Mil Vukovic Smart’s HILT is a fragmented reflection on the Mad Scene from the ballet Giselle. The work has a delicious, steady simmer, within which each of the dancers has a particular nervous, haughty or erratic intensity, an attitude matched by a shifty, gently surprising choreography. After a still, almost brittle opening in which the dancers enter gradually, each with their back to the audience, a shift to the front is met with a blast of red light and the sudden, surprising introduction of Muse’s ‘Feeling Good’.
With a kind of hidden glee, a pulsating pleasure echoed by the music, the dancers move through ballet movements with a mechanic perfunctoriness. Throughout the work they seem to grip onto the structures of the discipline, the work’s rich history, as much an anchor to sanity as an inspiration for the performance of ‘madness’. At the same time, ballet’s stern civility appears as a repressive culprit – the standard against which the different might be considered ‘crazy’, or other.

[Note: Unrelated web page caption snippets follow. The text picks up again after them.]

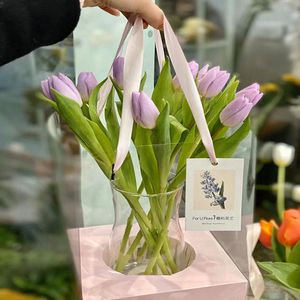 Transparente Geschenkbox mit frischen Blumen, quadratische Form, tragbare Rosenstrauß-Verpackungsboxen für Weihnachten, Valentinstag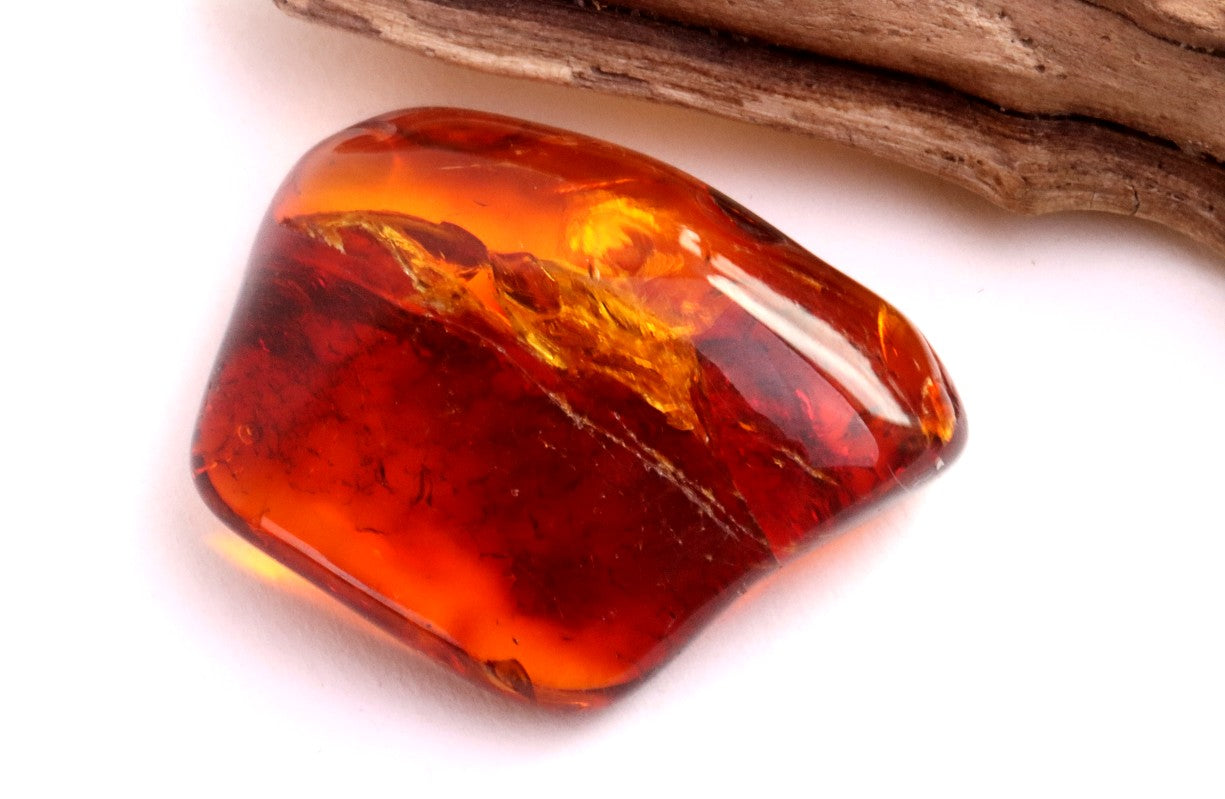 Smooth Polished Baltic Amber Gem – 40 Million-Year-Old Meditation Stone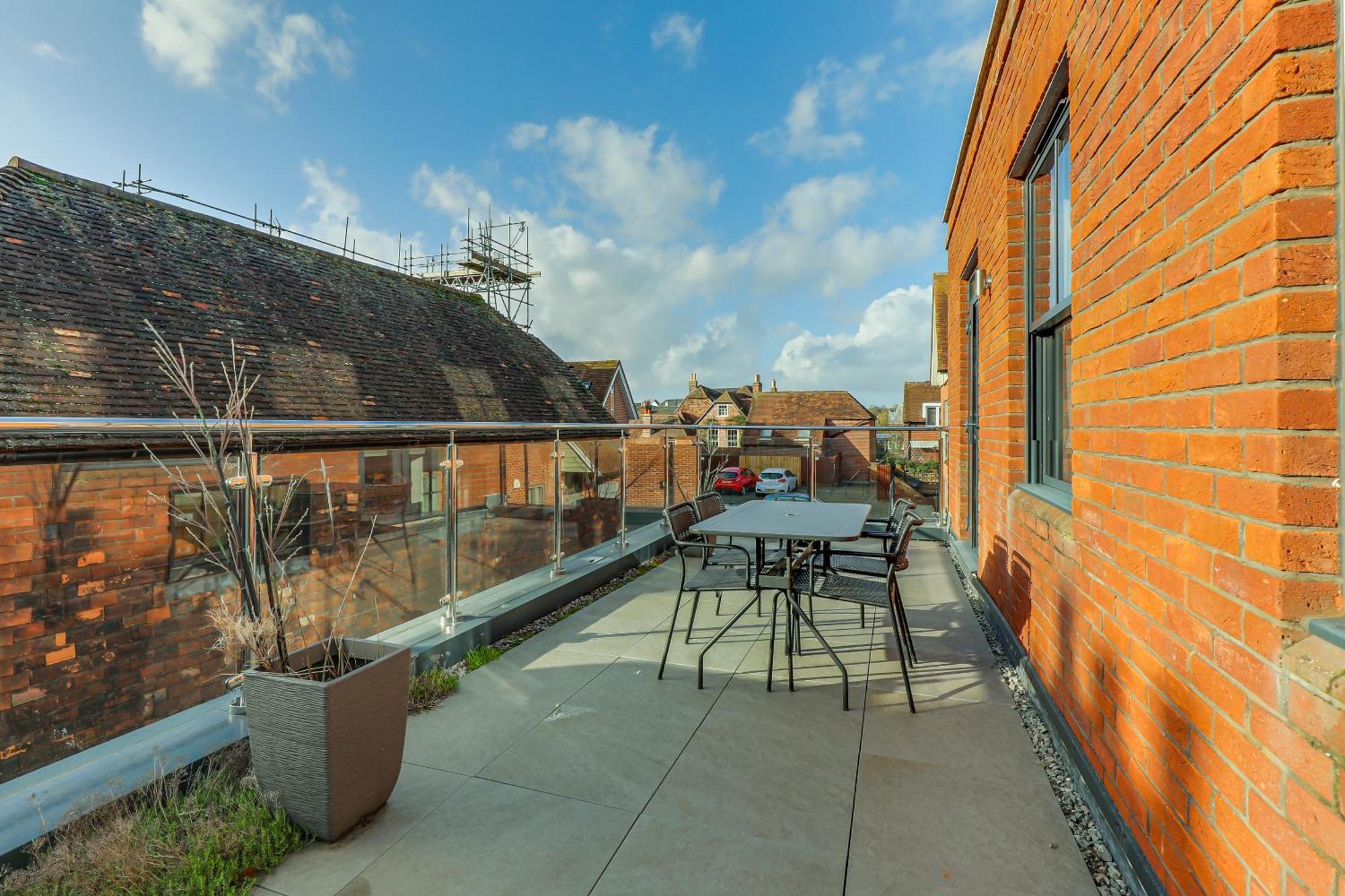 Exceptionally Spacious Central Canterbury Home Exterior photo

The dancers move in private dialogue with this contradictory material. They seem to sift through fragments of memory and reference, their own whims, mechanical repetitions. Later on in the piece, I found myself craving a return to the Muse moment’s punchy flippancy and cohesion, or a twist into something a little more raucous or wild. This was partly met by a brilliantly strange moment in which one dancer pulls her hair up above her head, holding it there, her face in a fierce glare, before jumping onto the shoulders of the performer next to her and running, bull-like, at the rest of the cast.
The piece ends, as it had begun, with an audio extract of ballerina Beryl Goldwyn, the frankness and warmth of her comments on performing in Giselle a useful counterpoint and contextualiser. She has the final word, and some advice for dancers: “if you forget your steps, just keep spinning.”